Balée's teaching emphasizes the specific areas where he does research, topically and geographically. Balée teaches courses in historical ecology of Amazonia, South American ethnology, environmental anthropology, ethnographic methods, and cultural anthropology. As to this last course, his textbook Inside Cultures (2016), which is an introduction to cultural anthropology, is in its second edition with Routledge. Balée's graduate advising and mentoring are in related areas of these specialty interests. Thus far, he has supervised ten dissertations at Tulane, with five more in the pipeline. Balée also advises undergraduate majors in anthropology and occasionally environmental studies.

Andy Carter is Professor Emeritus of Mathematics at Roosevelt University. He is a founding board member of the Resource Center in Chicago and serves on the Local School Council at the William Ray School. In April 2007, he made his first of eight trips to the village of Saq Ja’, Guatemala as a delegation member from University Church Chicago. On that trip, he was struck by the stark contrast between a lush old-growth forest near the village and the fields and scrub brush that surrounded it. He was told that Margarito, a man with a peculiar love of trees, had planted the forest. On subsequent trips he carried out a series of interviews with Maria Guadalupe, the daughter of Don Margarito, to find out about this Mayan man and his forest. The book Margarito’s Forest is based on information he gathered from these interviews. Since its 2016 publication, Margarito’s Forest has won a 2017 commendation from the Consortium of Latin American Studies Programs (CLASP) and been included on the Bank Street College of Education’s 2017 list of Best Children’s Books of the Year. Andy is a master gardener, an environmental activist and enjoys playing his guitar and leading group singalongs. 

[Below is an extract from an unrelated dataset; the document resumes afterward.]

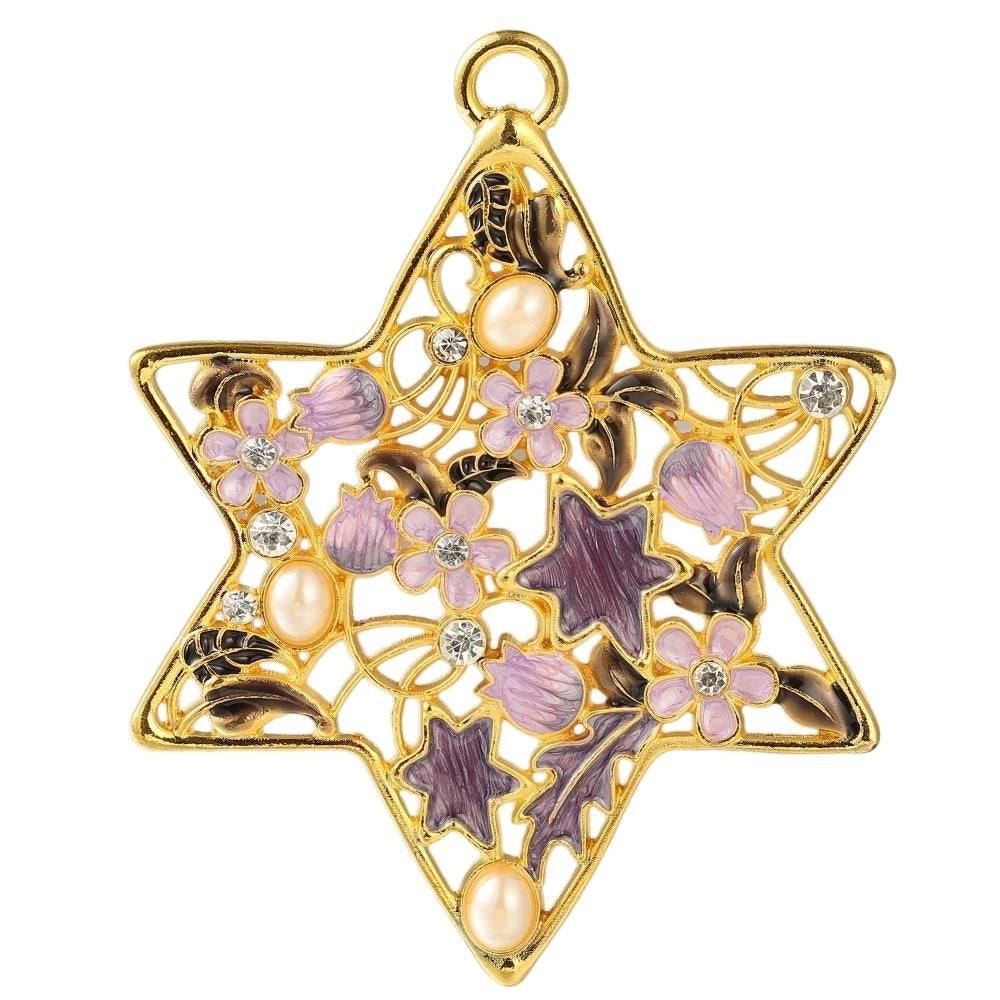 Traditional Star of David Hanging Ornament (Pewter) Classic  Beautiful Gold-Plated Home Decoration Image 2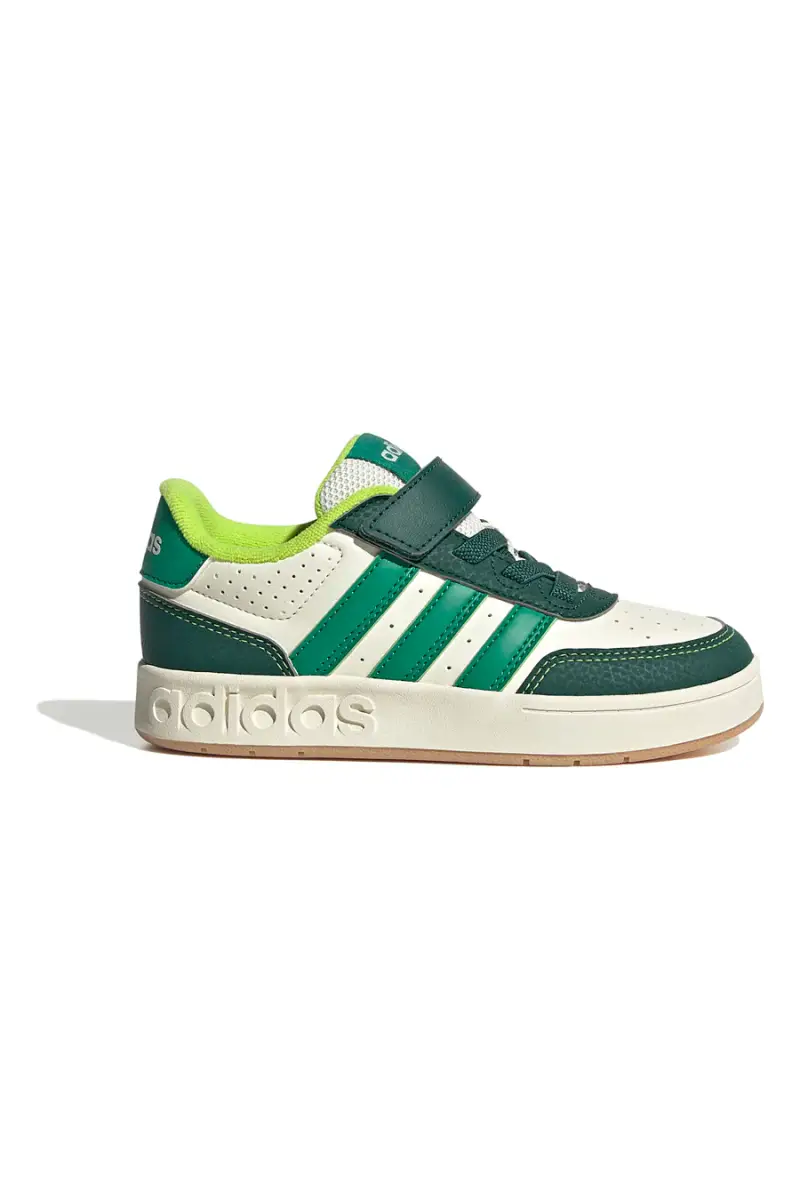 Sneakers bianche e verdi con chiusura a strappo Adidas Breakbase C [BIANCO]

Brittney Dayeh taught elementary social studies for ten years at The Willow School in Uptown, New Orleans. She designed the lesson plans featured in this presentation while serving as a Curriculum Writer for the Stone Center for Latin American Studies at Tulane University, where she attended workshops on Tunica-Biloxi, Mayan, and Aztec culture and customs. Brittney is currently the High School Librarian at The Willow School, and is highly committed to sharing multicultural literature with children of all ages, K-12. 

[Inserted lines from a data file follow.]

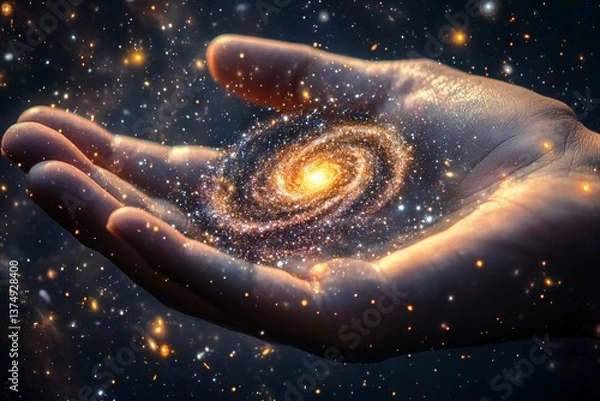 Fototapeta Hand of God holding a galaxy, symbolic spiritual image of creation and divine power
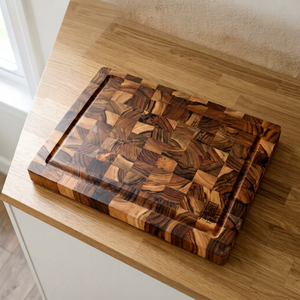Planche à découper rectangulaire en teck, épaisseur 1,5 cm, antidérapante, lavable au lave-vaisselle, écologique, emballage individuel - Product Image 1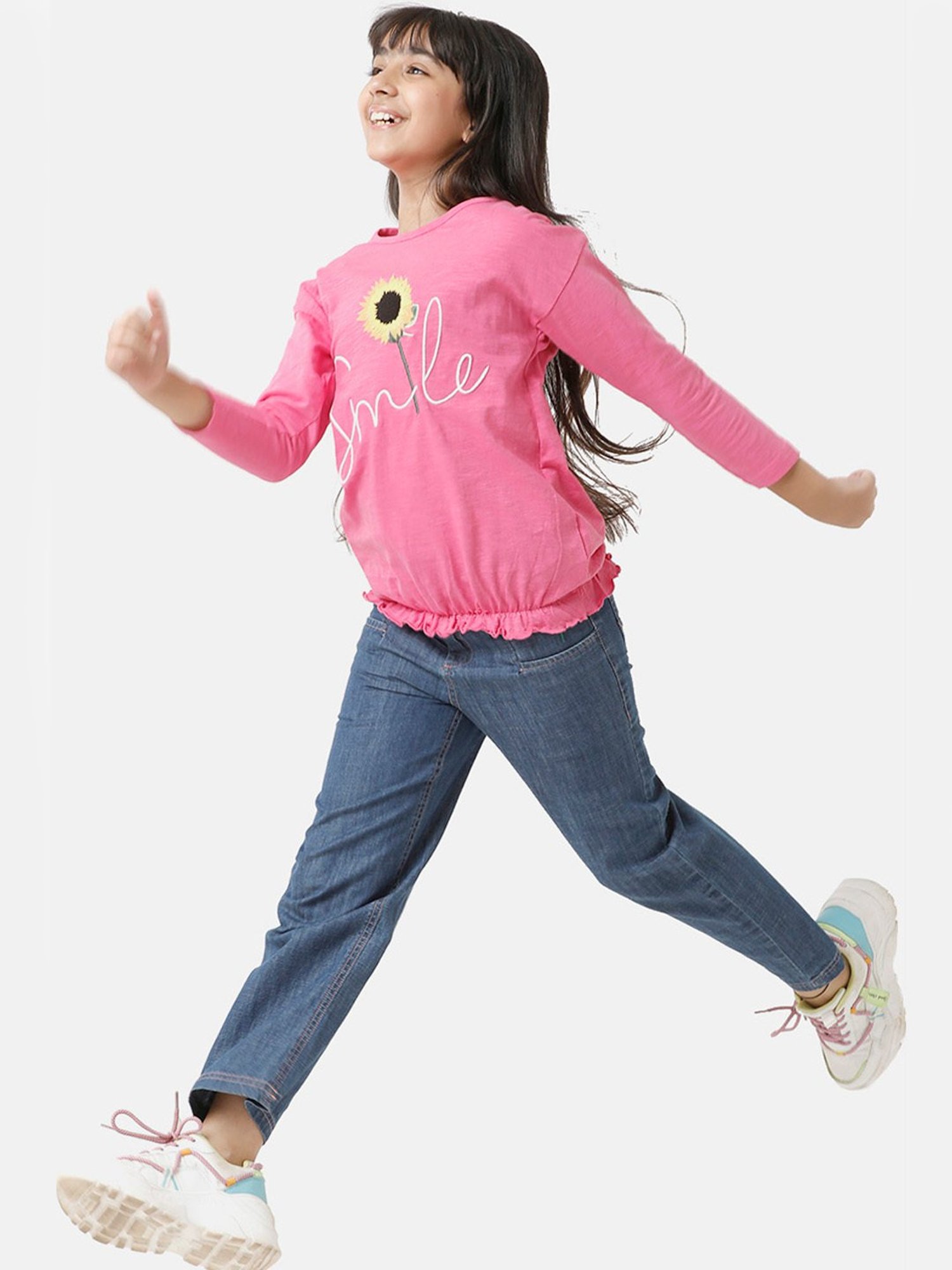 Under Fourteen Only Kids Pink Embroidered Full Sleeves Top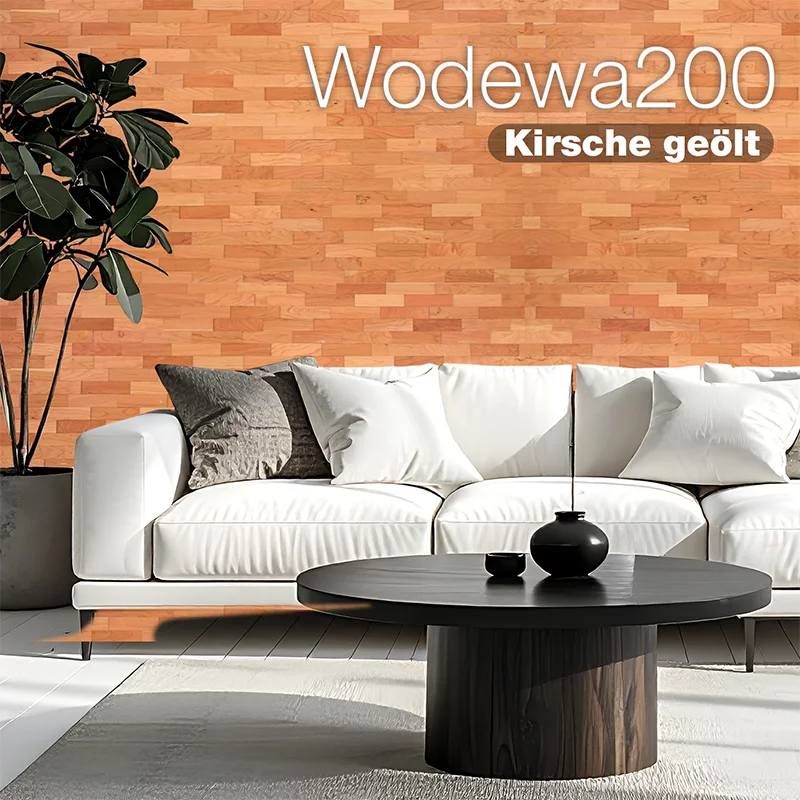 Massivholz Kirsche geölt W200 von Wodewa als natürliche Wandverkleidung in modernem Wohnraum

John DePriest is a linguist, musician, educator, and songwriter based out of Bvlbancha (New Orleans, Louisiana). He earned a PhD from Tulane University, studying the interactions of language and music in the brain. He has been teaching English for Academic & Professional Purposes in the Center for Global Education since 2016, emphasizing English phonetics & phonology, speaking performance, and intercultural competence. An enrolled member of the Choctaw Nation of Oklahoma, he is actively working to preserve Choctaw language and music, including producing an album of Choctaw music set to be released in early 2024. He is also the lead singer, banjo player, and songwriter for the band Bogue Chitto. 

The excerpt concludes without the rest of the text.